Inspiration
/giphy for Slack + Timehop for Facebook.
What it does
GIFMinute sorts a users last 3200 tweets by sentiment (using NLTK), applying a filter so it does not get too many closely-related tweets, then queues the top tweets for the user, complete with a great GIF from GIPHY.
- User logs in using Twitter
- App grabs their latest 3200 tweets (max set by Twitter)
- App sends the tweets to the AWS Lambda endpoint
- The AWS Lambda endpoint runs text sentiment analysis on each tweet, controlling for stopwords and the like.
- The Lambda Python script sorts the tweets by a 'delightfulness' score and sends them back to the Rails app.
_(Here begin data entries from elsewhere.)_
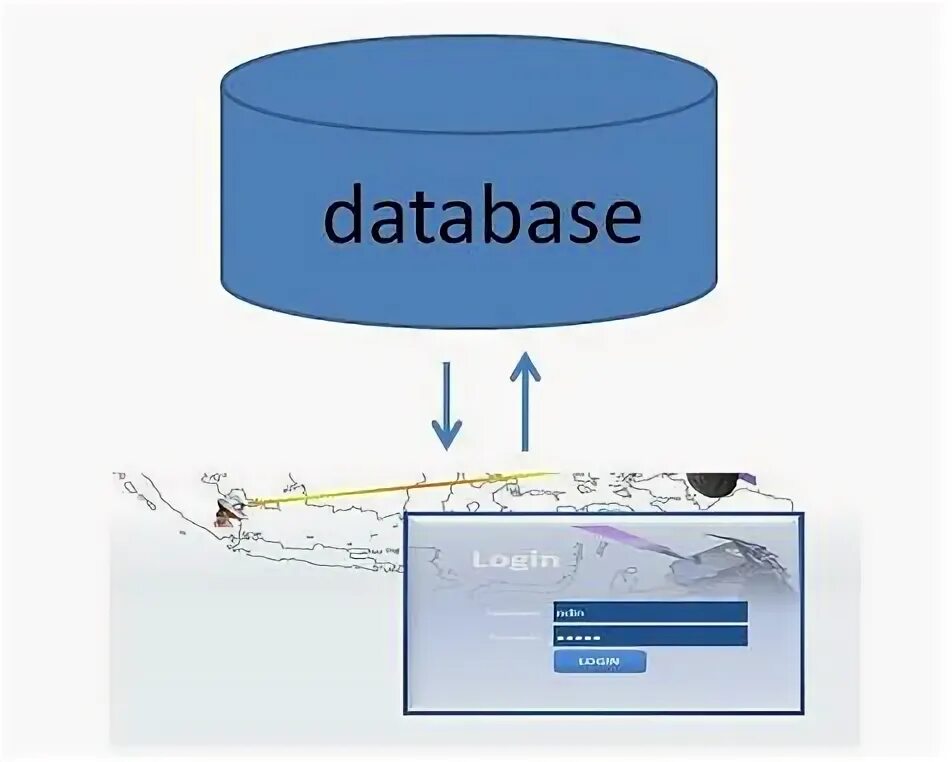 Database fields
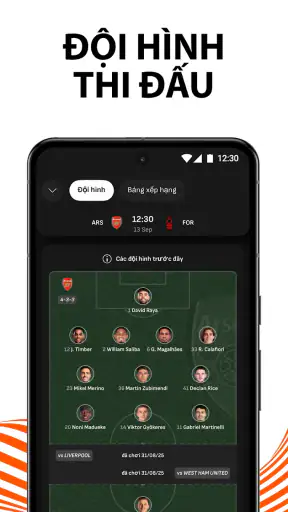 LiveScore: Tỷ số trực tiếp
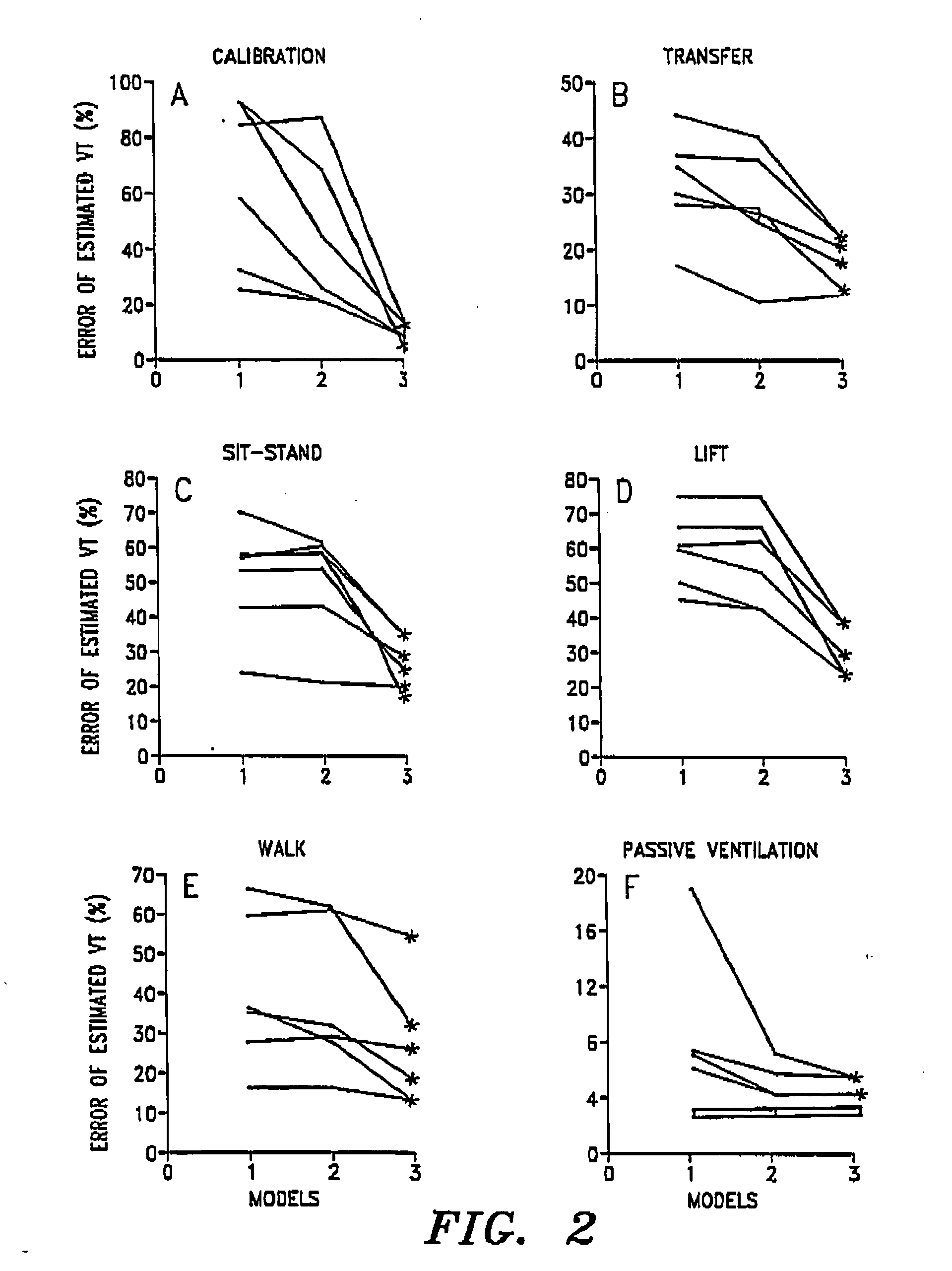 Noninvasive method and system for measuring pulmonary ventilation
- The Lambda Python script also sends back the keywords from each tweet to use for GIF sourcing
- The Rails app grabs a GIF from GIPHY
- The Rails app shows the top tweets to the user.
How we built it
The main app handling web requests and Twitter auth is in Ruby/Rails. The natural language processing happens in Python, via AWS Lambda.
Challenges we ran into
Accomplishments that we're proud of
Learning to use Lambda and connect a Rails app with a Python ML script/model.
What we learned
AWS Lamba requires more config than expected if you're trying to do natural language processing.
What's next for GIFMinute
- Reverse sentiment. Seeing your angriest tweets GIF-ified is also hilarious.
- Revise and launch.
- Create invite/referral system for rolling it out.